[Assigned task]: Each line below from the one containing "HUGE RANDOM CRAFTI LOT! - Picture 12 of 13" through the one containing "Вопрос: Как выбрать" should be output exactly as it stands, and no other line should appear.
[[ Provided information open ]]
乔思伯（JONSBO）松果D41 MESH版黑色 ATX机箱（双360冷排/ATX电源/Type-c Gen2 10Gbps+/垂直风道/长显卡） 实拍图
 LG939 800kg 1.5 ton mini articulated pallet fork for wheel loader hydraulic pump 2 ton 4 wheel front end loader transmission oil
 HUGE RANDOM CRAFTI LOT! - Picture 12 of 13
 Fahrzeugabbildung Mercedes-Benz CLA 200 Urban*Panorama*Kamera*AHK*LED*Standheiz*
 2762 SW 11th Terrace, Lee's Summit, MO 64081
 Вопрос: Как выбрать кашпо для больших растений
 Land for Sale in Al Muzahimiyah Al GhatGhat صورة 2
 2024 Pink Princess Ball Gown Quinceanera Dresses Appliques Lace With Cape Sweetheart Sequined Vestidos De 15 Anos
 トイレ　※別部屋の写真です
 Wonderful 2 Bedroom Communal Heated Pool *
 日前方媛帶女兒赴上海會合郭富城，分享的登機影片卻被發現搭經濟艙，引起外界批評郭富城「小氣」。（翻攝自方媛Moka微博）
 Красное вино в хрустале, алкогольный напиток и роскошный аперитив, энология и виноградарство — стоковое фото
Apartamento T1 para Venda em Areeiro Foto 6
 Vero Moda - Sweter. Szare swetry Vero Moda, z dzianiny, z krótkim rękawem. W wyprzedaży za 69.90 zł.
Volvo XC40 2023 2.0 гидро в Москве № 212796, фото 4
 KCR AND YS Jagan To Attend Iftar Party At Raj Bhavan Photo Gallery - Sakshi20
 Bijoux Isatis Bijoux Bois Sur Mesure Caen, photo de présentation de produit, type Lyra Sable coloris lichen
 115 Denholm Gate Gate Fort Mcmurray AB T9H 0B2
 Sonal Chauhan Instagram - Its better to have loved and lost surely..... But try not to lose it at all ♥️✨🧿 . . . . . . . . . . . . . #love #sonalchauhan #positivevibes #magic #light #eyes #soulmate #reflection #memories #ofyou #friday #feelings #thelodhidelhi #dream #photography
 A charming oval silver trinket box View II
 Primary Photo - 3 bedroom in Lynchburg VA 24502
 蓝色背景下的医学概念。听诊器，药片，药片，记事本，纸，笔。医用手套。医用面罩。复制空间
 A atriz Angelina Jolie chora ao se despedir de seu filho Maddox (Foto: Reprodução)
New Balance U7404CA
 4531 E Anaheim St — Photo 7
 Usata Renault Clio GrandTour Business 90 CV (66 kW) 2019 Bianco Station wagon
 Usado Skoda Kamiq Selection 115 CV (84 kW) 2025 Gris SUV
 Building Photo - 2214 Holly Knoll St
[[ Provided information closed ]]
[Solution for this task]:
 HUGE RANDOM CRAFTI LOT! - Picture 12 of 13
 Fahrzeugabbildung Mercedes-Benz CLA 200 Urban*Panorama*Kamera*AHK*LED*Standheiz*
 2762 SW 11th Terrace, Lee's Summit, MO 64081
 Вопрос: Как выбрать кашпо для больших растений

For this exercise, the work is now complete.